This week I came across several interesting and valuable articles dealing with change management. Two articles discuss the best ways to defuse change, via just a few initiators. You could also find in the articles a good idea that might improve your change process as well as obstacles that interrupt it, and understanding them could help you to overcome the difficulties.
Unfortunately, the big majority of change initiatives fail. After investing a decent amount of money, it is hard to admit the failure and look for a real change in the course. Martin Harshberger talks in this article about three factors that thwart change – People, Compliancy and Communication. People are indeed one of the top reasons that hinder change. Our nature is to avoid change as long as we can. If we want the change to happen, we need to change the behavior of us and of our leadership.
Change is a very demanding process that makes most of the people some hard time. Stress at work, which is very common nowadays prevents us from realizing all our potential capacity and being more efficient for the organization. Kirsten Walker discusses here mindfulness and its contribution for a better change. She argues that practicing mindfulness can be a good answer to resistance to change as well as for lead it. When we focus on one goal, instead of being occupied with many tasks, we can be much more productive, and consequently, deliver the change in a better fashion.
Since change is difficult, as discussed earlier, creative ways to deliver change are required. The traditional belief talks about communicating the change to as many employees as possible. In this article, Juliane Parsons suggests another theory. She believes that the critical number is 16% of the employees. Once you have reached this number, these innovators and early adopters will serve as opinion leaders and will defuse the change. In this article you can find some good tips on how exactly you can make this method work.
Mike Lehr agrees about the aforementioned concept, though he talks about different numbers. According to a study he relays on, it requires only 5% to influence everyone. The important thing, as claimed, is that these 5%, who are the initiators, would not be just scattered around the organization, rather will be consolidated so they can support each other and become much more powerful and possess greater effect on the organizational change.
When something goes wrong the only right thing to do is to investigate it. The problem is that the conclusions are frequently not implemented, and the mistakes recur. David Buchanan thinks that change is supposed to be routine and lessons should be learnt. If you don’t implement changes, the failures will happen again. He presents three main common difficulties of post-incident change: Approach, Causality and Process. Approach, which I find extremely important, talks about the tendency to blame individuals, instead of understanding that we need to look what conditions allowed this to happen, and to fix them.

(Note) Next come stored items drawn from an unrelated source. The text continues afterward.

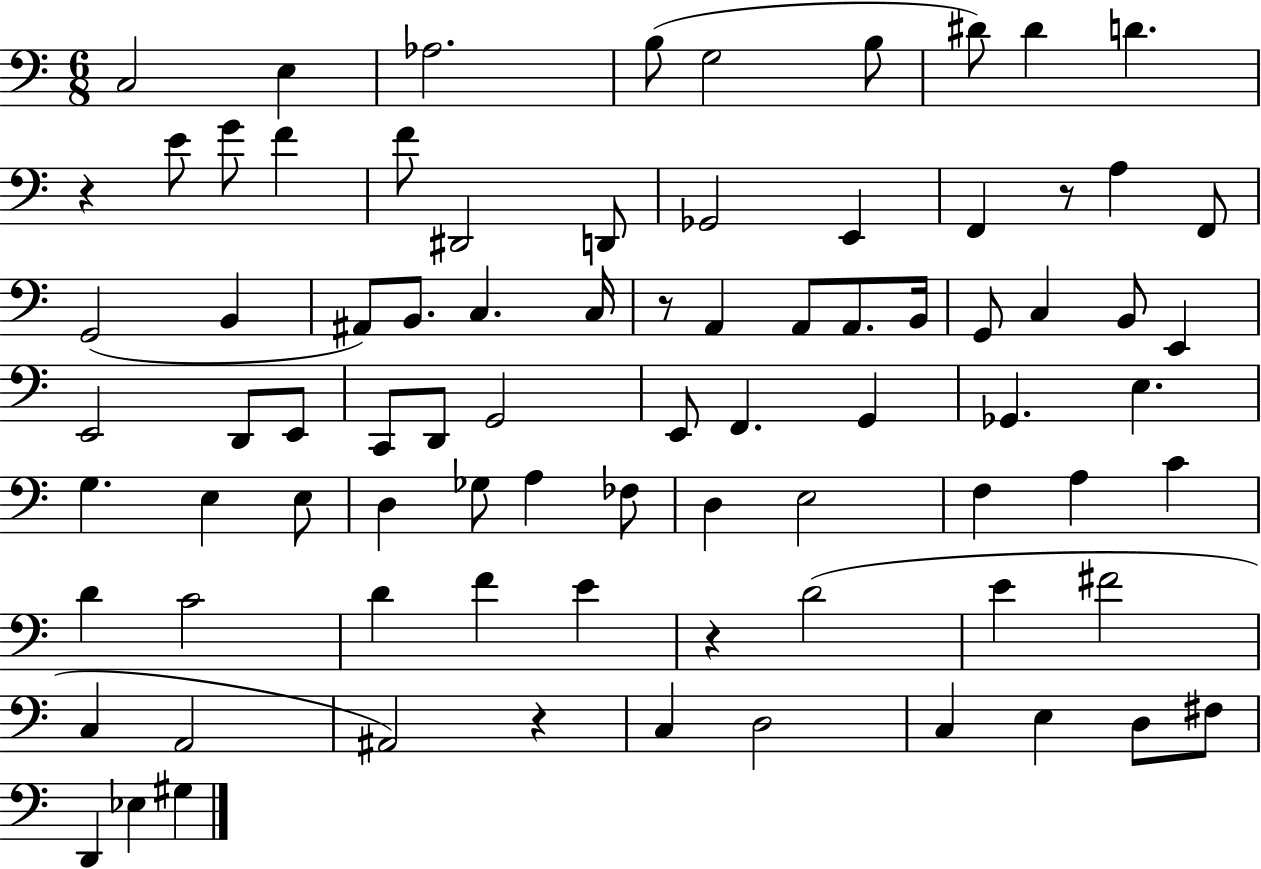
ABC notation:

X:1
T:Untitled
M:6/8
L:1/4
K:C
C,2 E, _A,2 B,/2 G,2 B,/2 ^D/2 ^D D z E/2 G/2 F F/2 ^D,,2 D,,/2 _G,,2 E,, F,, z/2 A, F,,/2 G,,2 B,, ^A,,/2 B,,/2 C, C,/4 z/2 A,, A,,/2 A,,/2 B,,/4 G,,/2 C, B,,/2 E,, E,,2 D,,/2 E,,/2 C,,/2 D,,/2 G,,2 E,,/2 F,, G,, _G,, E, G, E, E,/2 D, _G,/2 A, _F,/2 D, E,2 F, A, C D C2 D F E z D2 E ^F2 C, A,,2 ^A,,2 z C, D,2 C, E, D,/2 ^F,/2 D,, _E, ^G,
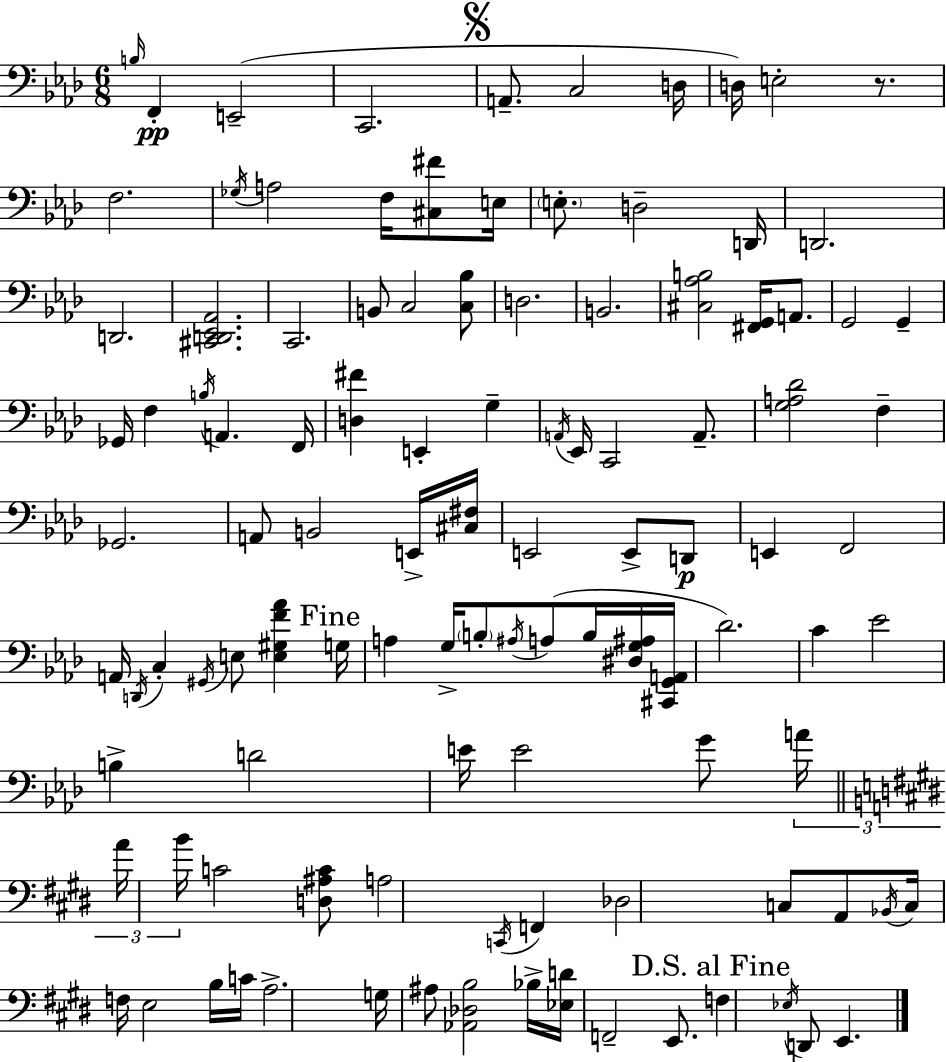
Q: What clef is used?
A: bass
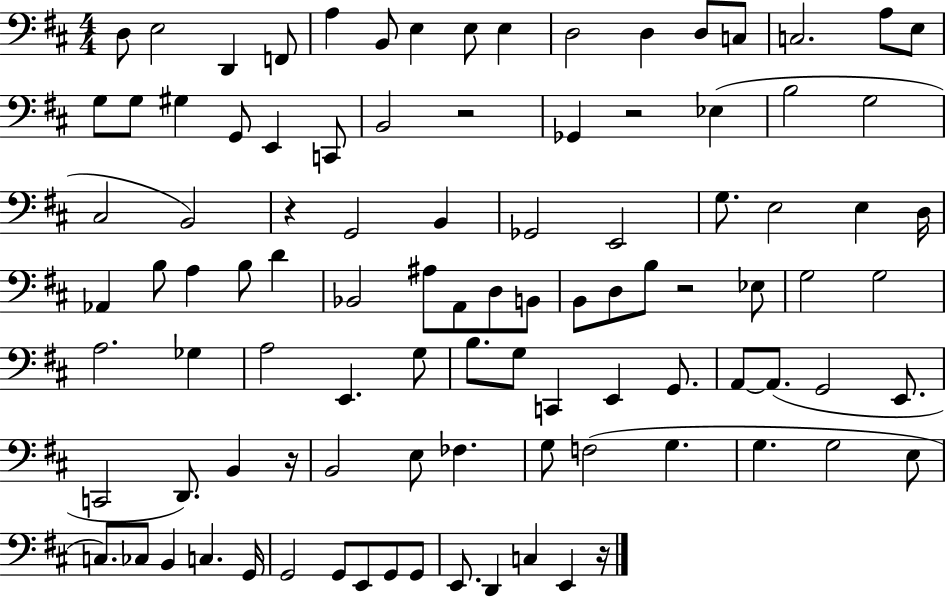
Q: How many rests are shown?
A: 6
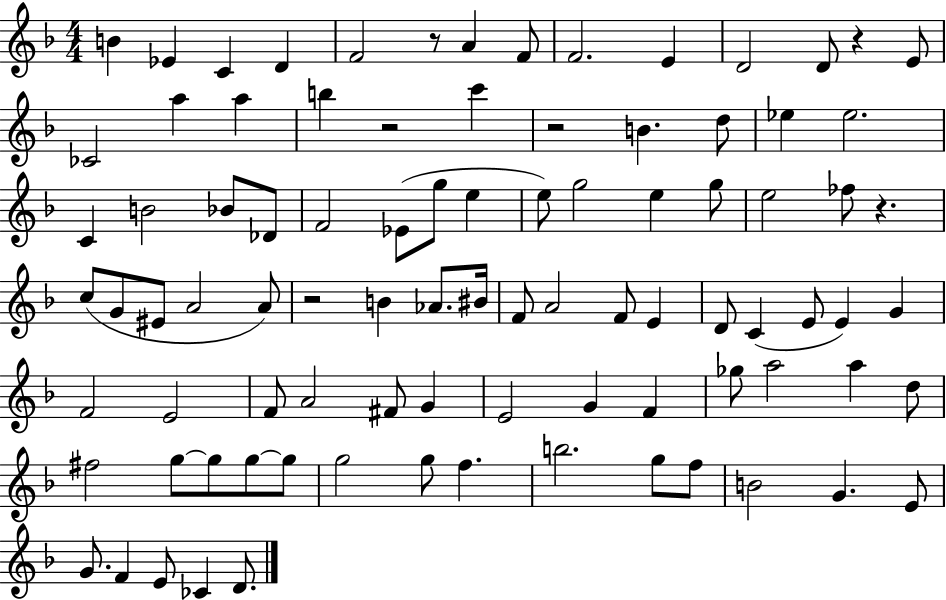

Change management is complicated and sometime cumbersome process, if we want to facilitate it and make it more beneficial we must recognize its barriers. In this article you could find five examples for such barriers, that once they are understood, better strategies for implementing change may be created. One of those that I, personally, think is very significant, is the lack of effective communication strategy. Declaring a change will not deliver the change by itself. In order to achieve a successful change, we have to ensure that the employees are familiar with all the meanings and consequences of it.